Inputs harvested by any one or more of these input components may
be accessible and available for use by any of the modules described
herein.
[0168] As used herein, the term "memory" refers to a
machine-readable medium able to store data temporarily or
permanently and may be taken to include, but not be limited to,
random-access memory (RAM), read-only memory (ROM), buffer memory,
flash memory, and cache memory. While the machine-readable medium
1322 is shown in an example embodiment to be a single medium, the
term "machine-readable medium" should be taken to include a single
medium or multiple media (e.g., a centralized or distributed
database, or associated caches and servers) able to store
instructions. The term "machine-readable medium" shall also be
taken to include any medium, or combination of multiple media, that
is capable of storing the instructions 1324 for execution by the
machine 1300, such that the instructions 1324, when executed by one
or more processors of the machine 1300 (e.g., processor 1302),
cause the machine 1300 to perform any one or more of the
methodologies described herein, in whole or in part. Accordingly, a
"machine-readable medium" refers to a single storage apparatus or
device, as well as cloud-based storage systems or storage networks
that include multiple storage apparatus or devices. The term
"machine-readable medium" shall accordingly be taken to include,
but not be limited to, one or more tangible (e.g., non-transitory)
data repositories in the form of a solid-state memory, an optical
medium, a magnetic medium, or any suitable combination thereof.
[0169] Throughout this specification, plural instances may
implement components, operations, or structures described as a
single instance. Although individual operations of one or more
methods are illustrated and described as separate operations, one
or more of the individual operations may be performed concurrently,
and nothing requires that the operations be performed in the order
illustrated. Structures and functionality presented as separate
components in example configurations may be implemented as a
combined structure or component. Similarly, structures and
functionality presented as a single component may be implemented as
separate components. These and other variations, modifications,
additions, and improvements fall within the scope of the subject
matter herein.
[0170] Certain embodiments are described herein as including logic
or a number of components, modules, or mechanisms. Modules may
constitute software modules (e.g., code stored or otherwise
embodied on a machine-readable medium or in a transmission medium),
hardware modules, or any suitable combination thereof. A "hardware
module" is a tangible (e.g., non-transitory) unit capable of
performing certain operations and may be configured or arranged in
a certain physical manner. In various example embodiments, one or
more computer systems (e.g., a standalone computer system, a client
computer system, or a server computer system) or one or more
hardware modules of a computer system (e.g., a processor or a group
of processors) may be configured by software (e.g., an application
or application portion) as a hardware module that operates to
perform certain operations as described herein.
[0171] In some embodiments, a hardware module may be implemented
mechanically, electronically, or any suitable combination thereof.
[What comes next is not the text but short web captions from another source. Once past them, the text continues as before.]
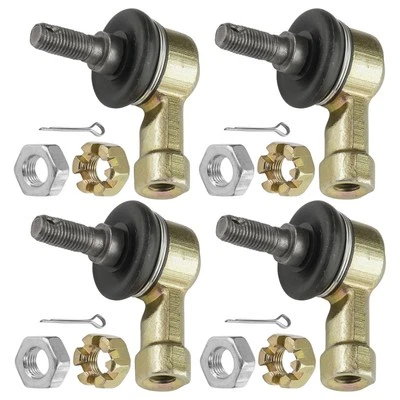 Kit de extremo de barra de amarre para Polaris Sportsman 90 2001-2006 2 juegos Foto 1 de 4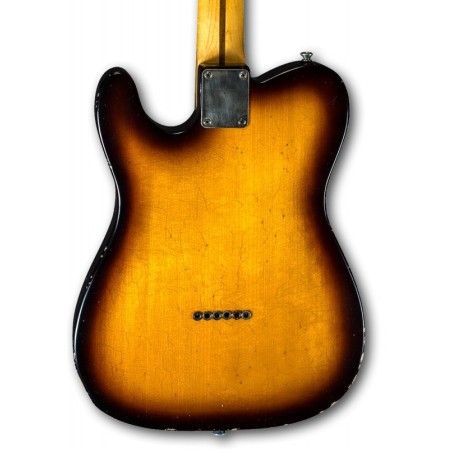 Maybach Teleman T54 2Tsb Aged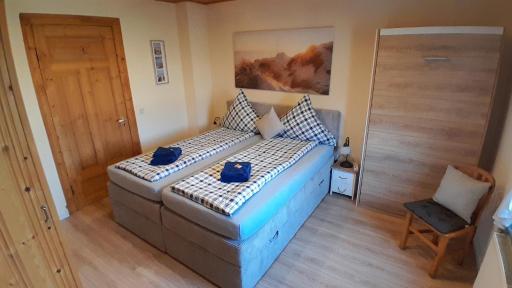 Ferienwohnung "Bine" - Housity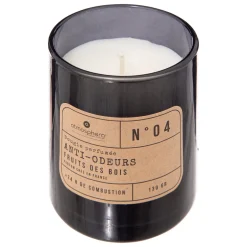 ATMOSPHERA Bougie parfumée anti odeur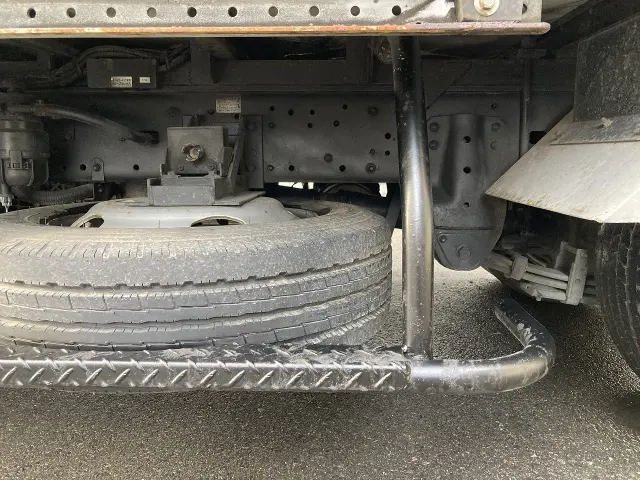 トヨタ ダイナ TKG-XZU675(4WD)の写真34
For example, a hardware module may include dedicated circuitry or
logic that is permanently configured to perform certain operations.
For example, a hardware module may be a special-purpose processor,
such as a field programmable gate array (FPGA) or an ASIC. A
hardware module may also include programmable logic or circuitry
that is temporarily configured by software to perform certain
operations. For example, a hardware module may include software
encompassed within a general-purpose processor or other
programmable processor. It will be appreciated that the decision to
implement a hardware module mechanically, in dedicated and
permanently configured circuitry, or in temporarily configured
circuitry (e.g., configured by software) may be driven by cost and
time considerations.
[0172] Accordingly, the phrase "hardware module" should be
understood to encompass a tangible entity, and such a tangible
entity may be physically constructed, permanently configured (e.g.,
hardwired), or temporarily configured (e.g., programmed) to operate
in a certain manner or to perform certain operations described
herein. As used herein, "hardware-implemented module" refers to a
hardware module. Considering embodiments in which hardware modules
are temporarily configured (e.g., programmed), each of the hardware
modules need not be configured or instantiated at any one instance
in time. For example, where a hardware module comprises a
general-purpose processor configured by software to become a
special-purpose processor, the general-purpose processor may be
configured as respectively different special-purpose processors
(e.g., comprising different hardware modules) at different times.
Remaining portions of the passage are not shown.